As drafted, this would include variation margin that has been subject to the settlement to market treatment under Art. 274(2)(c) of the Capital Requirements Regulation ("CRR"). The settlement to market treatment under the CRR provides that a CCP determines the current (end of trading day) value of a derivative for the purposes of its own risk management. The CCP then uses this determination to crystallise the contingent profit accruing to the relevant party (resulting from the change in the market value of the derivative since the previous determination), which then becomes due and payable as between the parties, by way of outright transfer of the accrued profit, in accordance with the CCP's procedures. The result is that the exposure of the relevant contracts has been re-set to zero (until the next determination period).
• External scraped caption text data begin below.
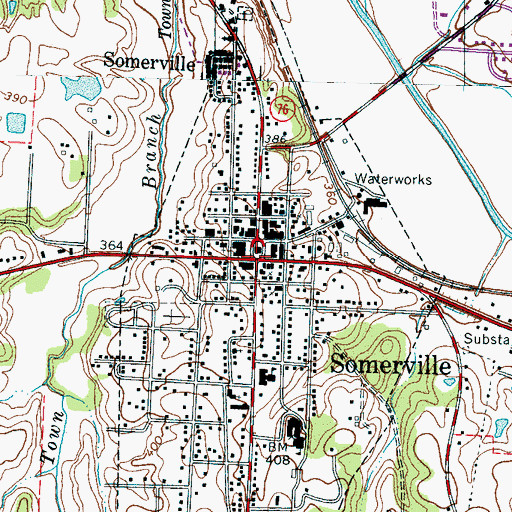 Topographic Map of Somerville, TN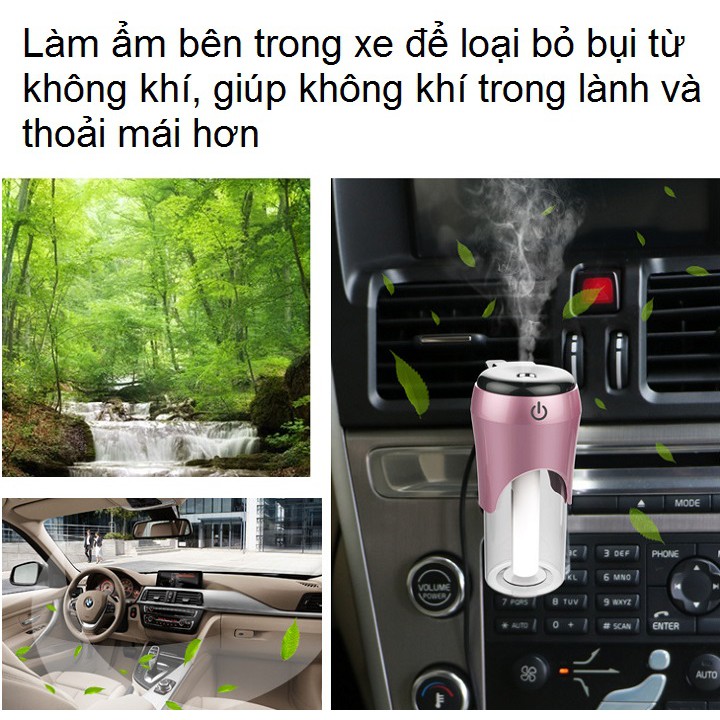 Máy tạo độ ẩm, phun sương không khí trên ô tô mini BC20 ( Có thể dùng tạo độ ẩm phòng )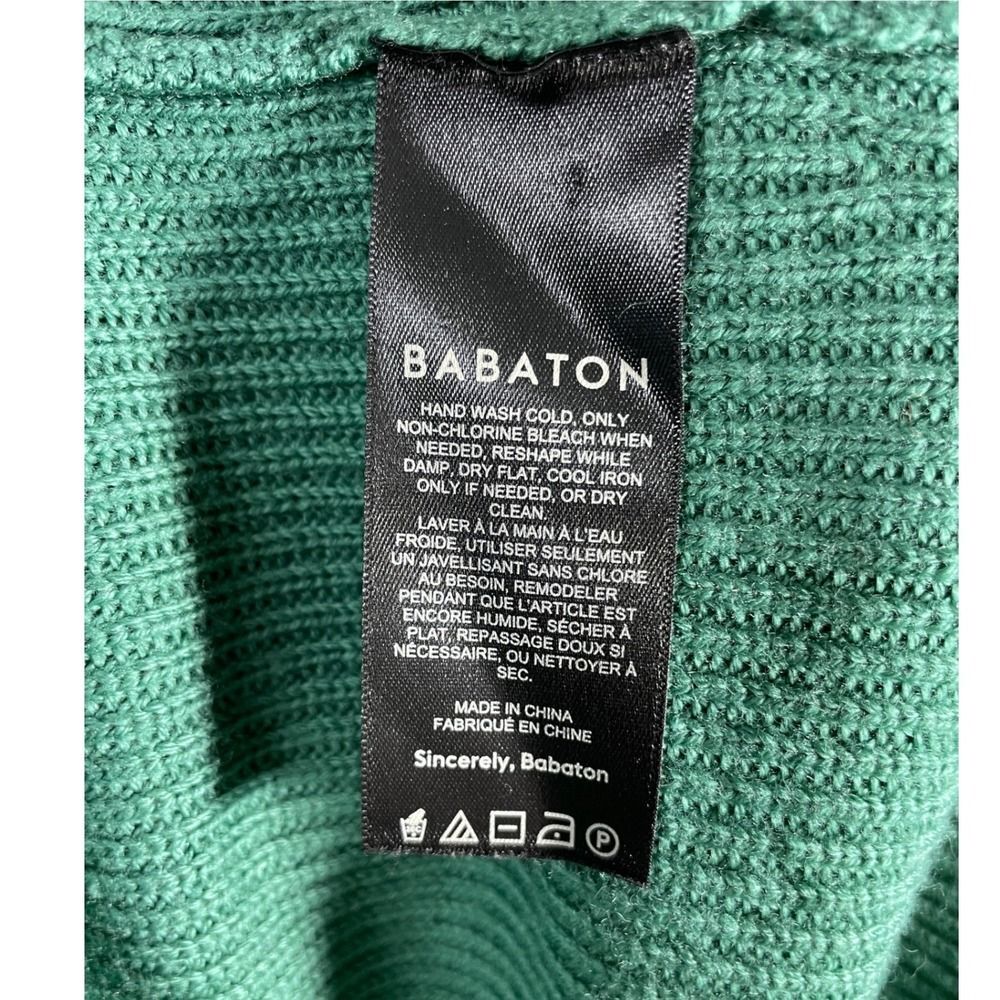 Merino Wool Babaton Turtleneck Sweater dress W/ S Green Ribbed Knit 103661 LN - Picture 7 of 14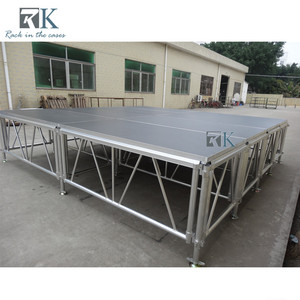 Escenario Portátil con Plataforma Antideslizante de 750 kg/m², Escenario Grande para Exposiciones con Carro - Product Image 3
The effect of the settlement to market treatment is that the relevant settlement payment provided to the CCP should not be considered "variation margin" because it is not an asset of the clearing member investment firm recorded on the books and records of the CCP, and so there is no exposure to the CCP with respect to such payments. The payment is an outright cash payment which extinguishes the exposure.
The following amendment is suggested:
4. Any amounts due or paid under contracts in order to settle the outstanding exposure to market, where the terms are reset so that the market value of the contract is re-set to zero as referenced in point (c) of Art. 274(2), Regulation (EU) No 575/2013, shall be excluded from the scope of variation margin for the purposes of paragraph 1.
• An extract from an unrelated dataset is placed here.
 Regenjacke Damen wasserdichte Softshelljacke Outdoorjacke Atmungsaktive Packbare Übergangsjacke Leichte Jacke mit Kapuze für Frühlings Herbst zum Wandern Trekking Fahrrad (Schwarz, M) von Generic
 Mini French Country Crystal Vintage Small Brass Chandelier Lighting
The provisions set in Art. 7 of IFR seem to extend their application on a consolidated basis, globally. At the same time, unlike for banking supervision, which is all rooted in the Basel Framework, no third country has similar, stringent, extraterritorial requirements for investment firm groups. The IFR consolidation regime at the RTS level must be scoped cautiously and proportionately to investment firms’ risk profiles as the non-targeted application of the framework may render European investment firms uncompetitive by:
o Over-assessing risk and overcapitalising the firms;
o Introducing incompatibilities with prudential requirements in other jurisdictions; and
o Requiring the use of metrics that are unfit for third-country market structures as they are calibrated to Europe.
Therefore, FESE believes that Art. 8 of IFR Group Capital Test (i.e. granting a waiver from the Art. 7 of IFR requirement to consolidate and capitalise under IFR for all group-wide activities globally) should be widely available as originally designed. Additionally, consolidation under Art. 7 of IFR should be sensible and not include locally unregulated/uncapitalised entities or activities, and disapply the K-factor calculation for American and Asian-Pacific market structures for which the K-factors are not suitable (e.g. K-DTF). FESE agrees with EBA’s approach, pursuant to Art. 7 of IFR, by which three types of consolidating entities are possible: Union parent investment firms, Union parent investment holding companies, and Union parent mixed financial holding companies.